Ahead of Secretary of State Mike Pompeo‘s visit to Colombo next week, Principal Deputy Assistant Secretary for South and Central Asia, Dean Thompson, told reporters that the US wants to partner with Sri Lanka on their shared goals of sustainable economic development and a free and open Indo-Pacific.
The Indo-Pacific is a biogeographic region, comprising the Indian Ocean and the western and central Pacific Ocean, including the South China Sea. China claims nearly all of the South China Sea, though Taiwan, the Philippines, Brunei, Malaysia and Vietnam claim parts of it.
“In the interest of strengthening our longstanding partnership with Sri Lanka and reinforcing our long-term commitment to the region, we encourage Sri Lanka to review the options we offer for transparent and sustainable economic development in contrast to discriminatory and opaque practices,” Thompson said in a veiled reference to China.
“We urge Sri Lanka to make difficult but necessary decisions to secure its economic independence for long-term prosperity, and we stand ready to partner with Sri Lanka for its economic development and growth,” he said.
In Colombo, Pompeo will meet Prime Minister Mahinda Rajapaksa and Foreign Minister Dinesh Gunawardena to emphasize the US’ commitment to a strong, independent, and democratic Sri Lanka, Thompson said.
“We want to partner with Sri Lanka on our shared goals of sustainable economic development and a free and open Indo-Pacific,” he said.
During his meetings, he said the Secretary will also emphasize the ties between people, shared commitment to democracy, and the importance of ongoing regional maritime security cooperation.
“We’ll continue to urge Sri Lanka to advance democratic governance, human rights, reconciliation, religious freedom, and justice, which promote the country’s long-term stability and prosperity and ensure the dignity and equality of all Sri Lanka’s diverse communities,” Thompson said.
To a query, he said the US watches closely developments in Sri Lanka on issues related to human rights.
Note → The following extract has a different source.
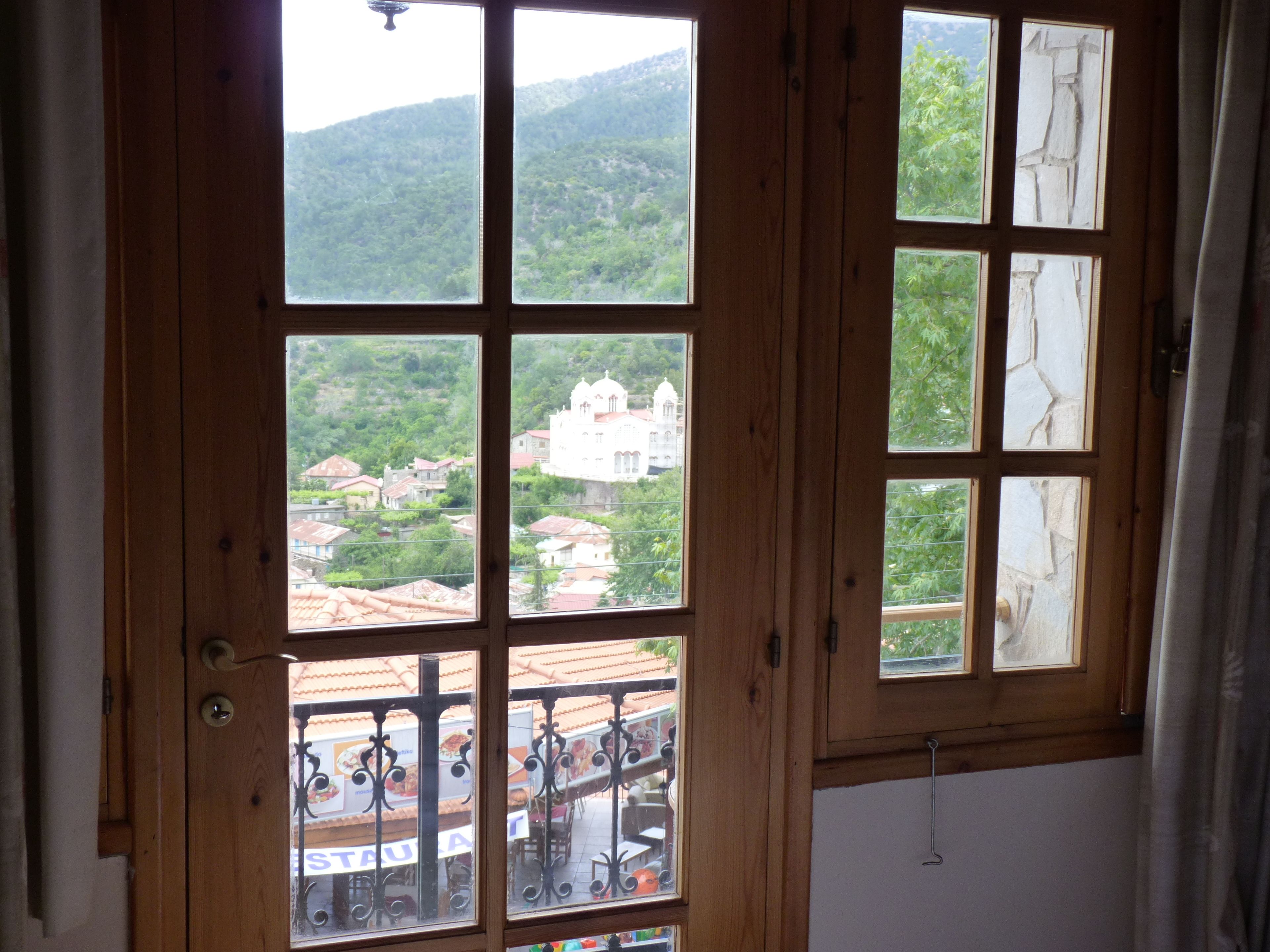 Una puerta de madera con varios paneles de vidrio que muestra una vista de un paisaje montañoso y un edificio blanco con cúpulas.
The Secretary will, of course, be raising issues related to human rights, reconciliation, and US’ common commitment to democracy, he said.
“Our partnership with Sri Lanka goes back a long way, through a lot of different eras, and right now, we think they’re at a point to make some choices about where they head,” he said.
“During the meetings, the Secretary of State will also be discussing the issues related to China,” he said in response to another question.